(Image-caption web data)
________________________________________

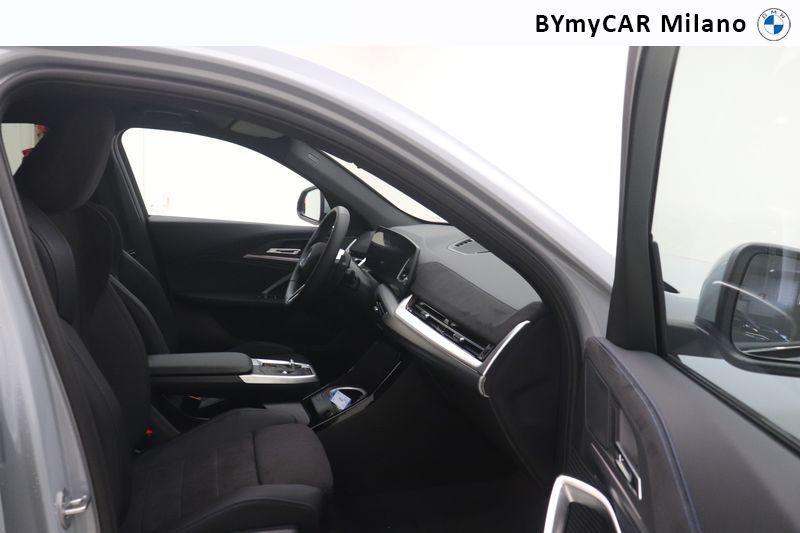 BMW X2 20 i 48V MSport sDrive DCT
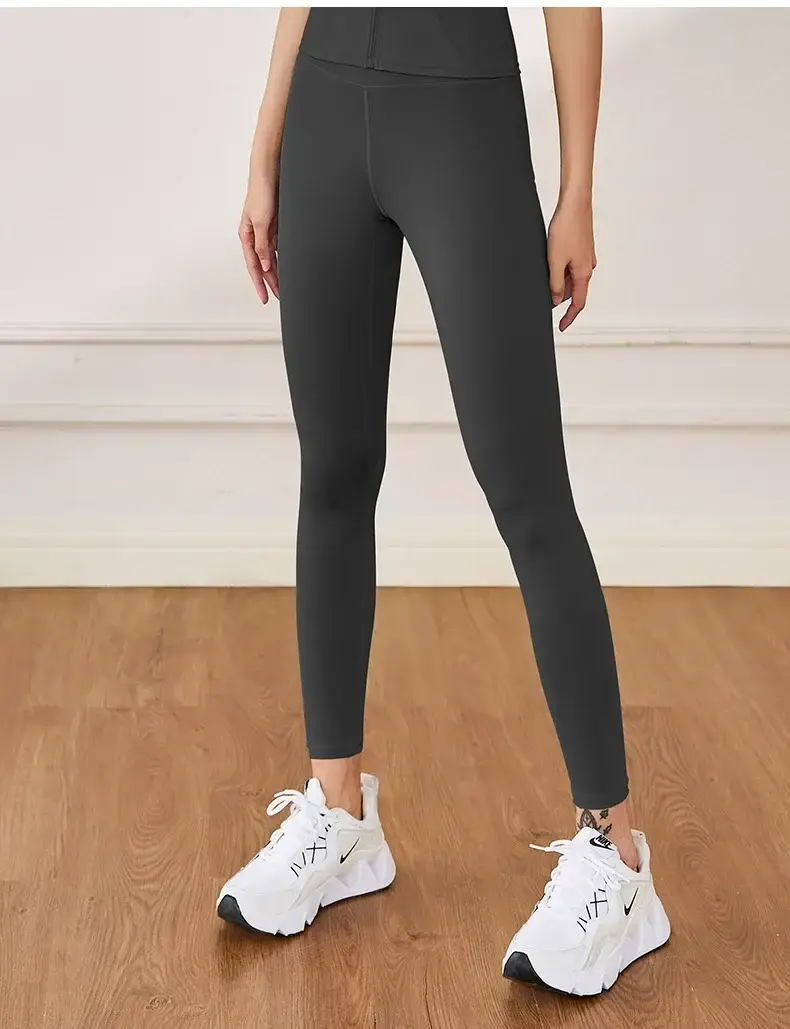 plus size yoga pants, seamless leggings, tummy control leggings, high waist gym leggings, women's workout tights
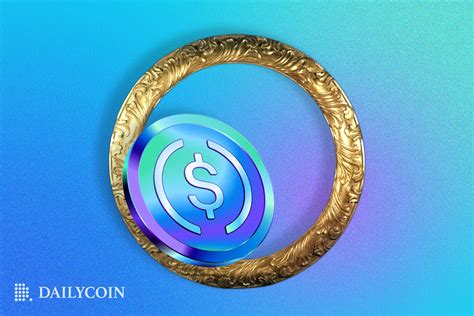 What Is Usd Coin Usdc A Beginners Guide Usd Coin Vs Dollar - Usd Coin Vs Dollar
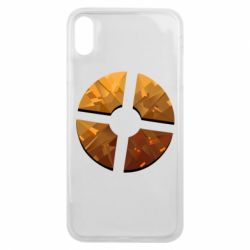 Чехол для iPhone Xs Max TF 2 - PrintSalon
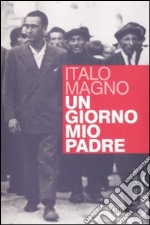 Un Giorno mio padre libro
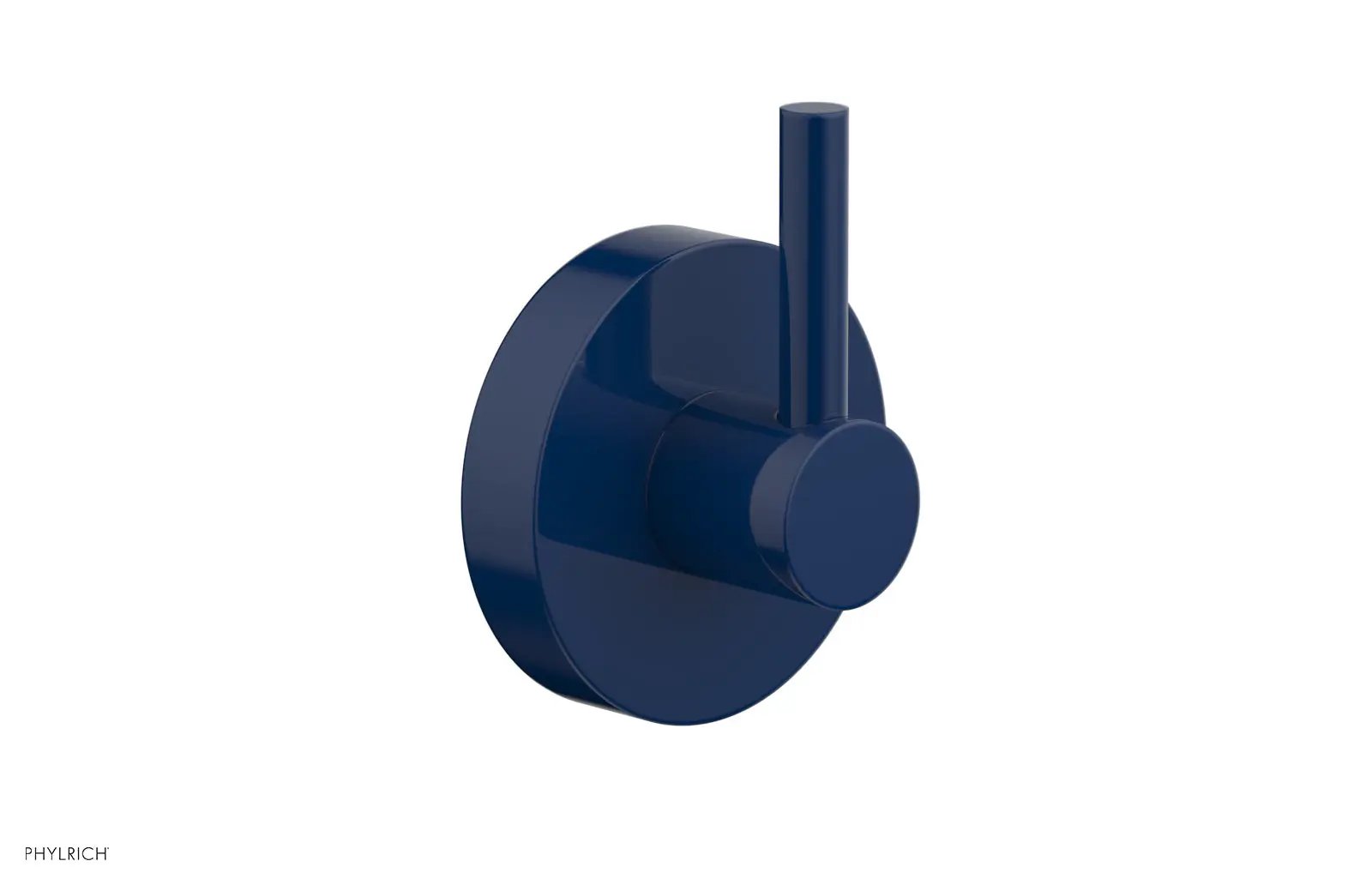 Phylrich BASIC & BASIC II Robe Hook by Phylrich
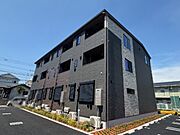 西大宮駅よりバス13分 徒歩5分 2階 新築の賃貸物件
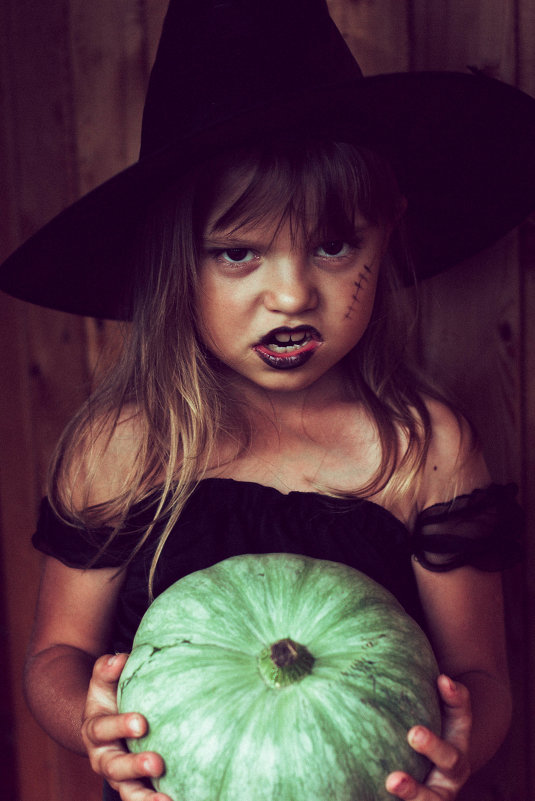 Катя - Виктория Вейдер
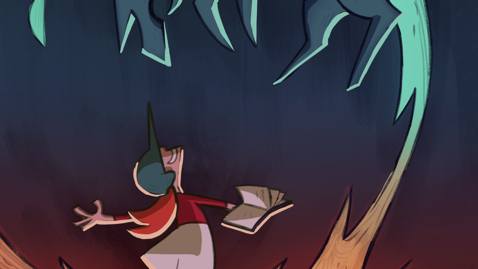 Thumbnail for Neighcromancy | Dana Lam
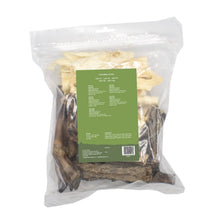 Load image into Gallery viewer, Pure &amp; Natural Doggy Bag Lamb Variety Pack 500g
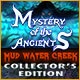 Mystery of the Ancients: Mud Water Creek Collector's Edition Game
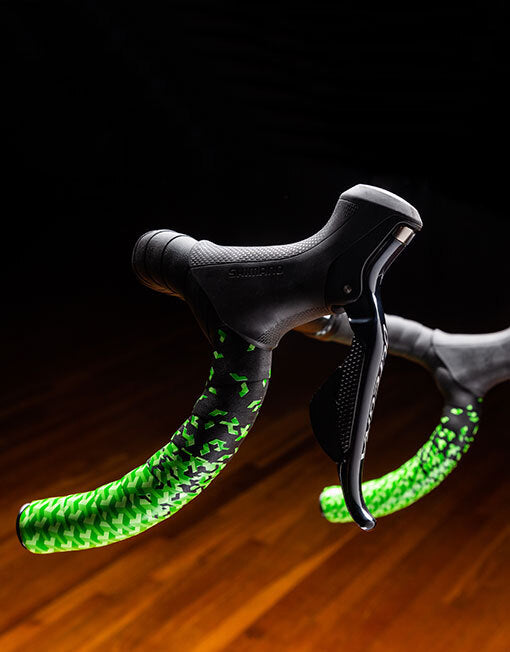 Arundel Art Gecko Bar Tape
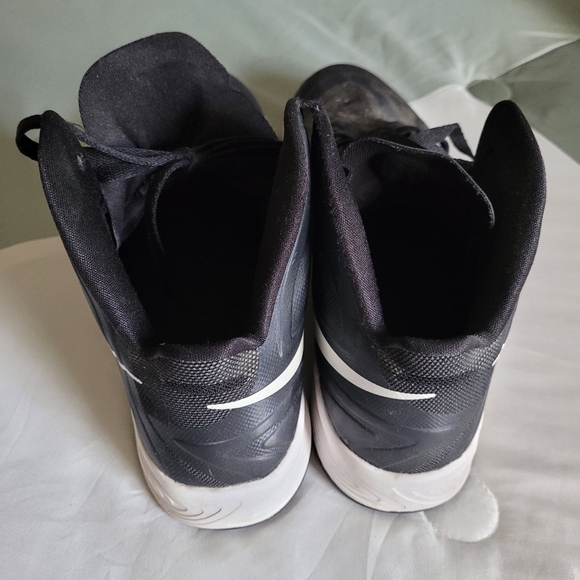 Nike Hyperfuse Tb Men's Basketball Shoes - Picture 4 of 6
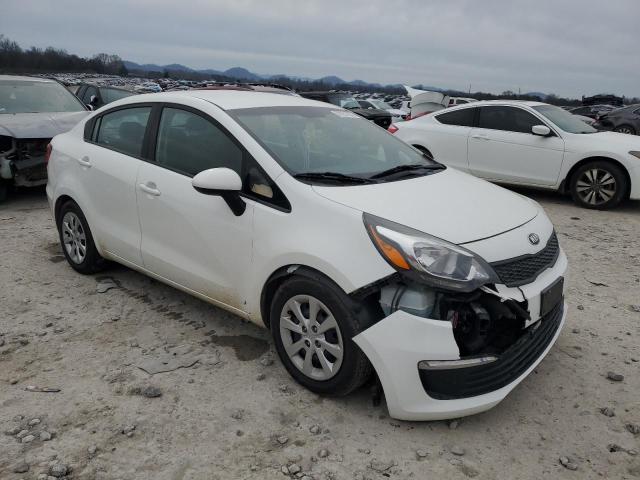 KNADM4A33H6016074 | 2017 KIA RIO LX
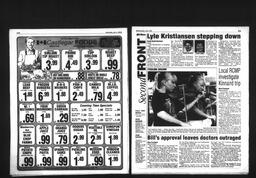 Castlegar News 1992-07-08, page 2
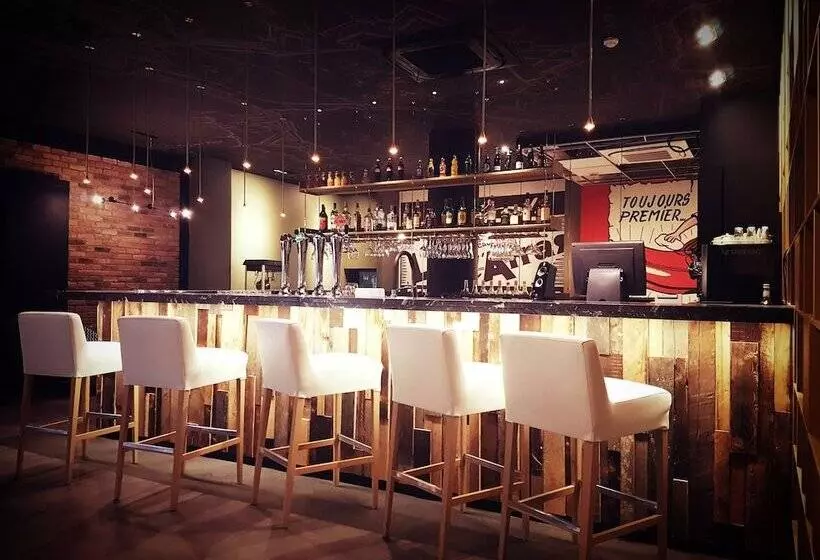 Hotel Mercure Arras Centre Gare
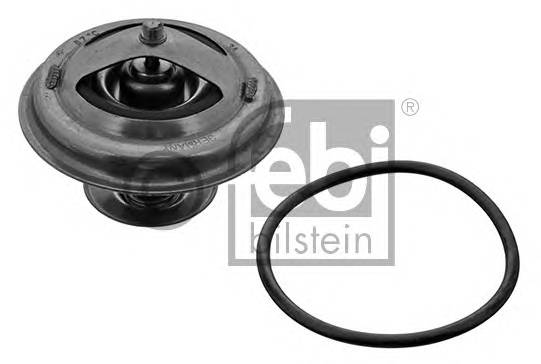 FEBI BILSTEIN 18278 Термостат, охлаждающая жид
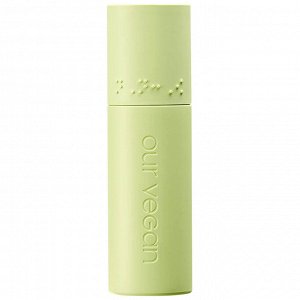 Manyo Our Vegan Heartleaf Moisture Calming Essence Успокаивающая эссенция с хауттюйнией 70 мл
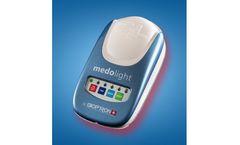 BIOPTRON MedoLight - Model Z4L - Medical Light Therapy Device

________________________________________

== WHAT NEEDS TO BE DONE ==
From the first line to the last, retype the data exactly, without images.

== RESPONSE AREA ==
 BMW X2 20 i 48V MSport sDrive DCT
 plus size yoga pants, seamless leggings, tummy control leggings, high waist gym leggings, women's workout tights
 What Is Usd Coin Usdc A Beginners Guide Usd Coin Vs Dollar - Usd Coin Vs Dollar
 Чехол для iPhone Xs Max TF 2 - PrintSalon
 Un Giorno mio padre libro
 Phylrich BASIC & BASIC II Robe Hook by Phylrich
 西大宮駅よりバス13分 徒歩5分 2階 新築の賃貸物件
 Катя - Виктория Вейдер
 Thumbnail for Neighcromancy | Dana Lam
 Load image into Gallery viewer, Pure &amp; Natural Doggy Bag Lamb Variety Pack 500g
 Mystery of the Ancients: Mud Water Creek Collector's Edition Game
 Arundel Art Gecko Bar Tape
 Nike Hyperfuse Tb Men's Basketball Shoes - Picture 4 of 6
 KNADM4A33H6016074 | 2017 KIA RIO LX
 Castlegar News 1992-07-08, page 2
 Hotel Mercure Arras Centre Gare
 FEBI BILSTEIN 18278 Термостат, охлаждающая жид
 Manyo Our Vegan Heartleaf Moisture Calming Essence Успокаивающая эссенция с хауттюйнией 70 мл
 BIOPTRON MedoLight - Model Z4L - Medical Light Therapy Device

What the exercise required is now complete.